Katrina Roberts, a graduate of Harvard University and the Iowa Writers’ Workshop,
is a Paul Garrett Fellow and the Mina Schwabacher Associate Professor of English
and the Humanities at Whitman College, where she directs the Visiting Writers
Reading Series. Her first book of poems, How Late Desire
Looks, won the Peregrine
Smith Prize. The Quick, her second book, was chosen by Linda Bierds for the Pacific
Northwest Poetry Series (University of Washington Press), and was a finalist
for the Washington State Book Award. Her work has appeared and is forthcoming
in journals and anthologies such as Ploughshares; Northwest Review; New England
Review; The Journal; New Orleans Review; Runes; Sonora Review; Best American
Poetry; The Pushcart Book of Poetry: The Best Poems from the First 30 Years of
the Pushcart Prize; The Bread Loaf Anthology of New American Poets; Never Before:
Poems About First Experiences; The Pushcart Prize Anthology XXII; The Long Journey:
Pacific Northwest Poets; and Short Takes: Brief Encounters with Contemporary
Nonfiction.

Friendly Fire, Katrina Roberts’ cycle of fifty-two sonnets, proves the
durability and flexibility of the lyric today. A taut narrative scaffolding supports
Roberts’ brief, searing meditations on family, farm labor, friendship,
illness, parenting. Colloquial language lends verve. Literal images evoke the
texture of farm life. Roberts explores abstraction (“Forgiveness”)
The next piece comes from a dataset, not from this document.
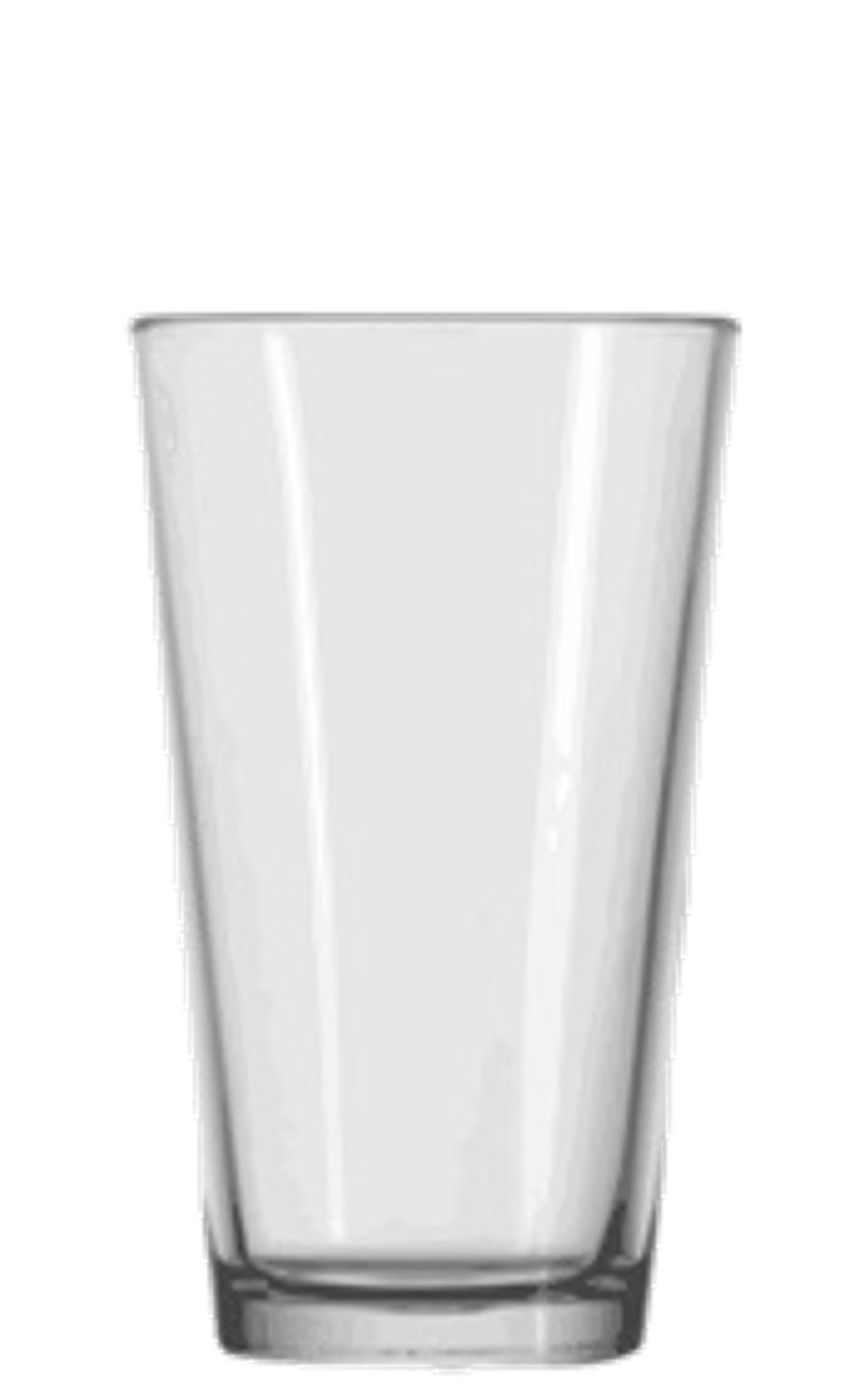for tumblers cheap Brew Glassware Beer Choosing The Glass a Perfect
with apt metaphor: “I shelter the grudge, build / a rustic cabin for it
in my chest, pound rusty nails / in to anchor a porch where I sit glaring.” At
the close of “Malignant,” the narrator asks a timeless question: “what
lies in wait for us?” Read Friendly Fire for Roberts’ sensual and
wise rendering of the here and now.
—Robin Becker, 2007 Judge, the Idaho Prize for Poetry;
author of Domain of Perfect Affection
Katrina Roberts’ poems do not admit easy phrasings; instead, they are
assembled word by word, each chosen with informed deliberation and a sense of
pace. I have followed the track of her lines with heightened attention, eager
for her next surprise.
—Billy Collins
This is a gorgeous, amazing book. I’ve been an admirer of Katrina Robert’s
poems for years and these poems confirm my long-standing affection. Buy this
book now.
—Sherman Alexie, winner of the National Book Award 2007
Katrina Roberts’ Friendly Fire is a fresh, elegant, and serious poetic
triumph. These poems, while introspective, speak of the world, and the reader
develops a deep connection with the sensibility and mystery behind them. Katrina
Roberts is the kind of poet who knows how to nurture the energies of pleasure
and grief, ecstasy and despair, and bring them fully formed to the page. She
explores the hidden places, discovers them and invents them. What she asks of
birds might be asked of her poems: “. . . Where did the birds find this
filament? Such / active circling and weaving; the dervish love calls / into being
. . .” These poems are convincing and ample testimony to the truths of
time and mortality, and Katrina Roberts is a poet of remarkable gifts.
—Laura Kasischke
Katrina Roberts’ new poems are wonderfully readable and engrossing,
because they are so true to our conscious experience, making swift and credible
transitions between perception, memory, reflection, worry, and well-being. Life
is both sweet and anxious in these poems, which makes them the more real, and
the pervading theme of fire has the ambiguity of Shakespeare’s “Consumed
with that which it was nourish’d by.”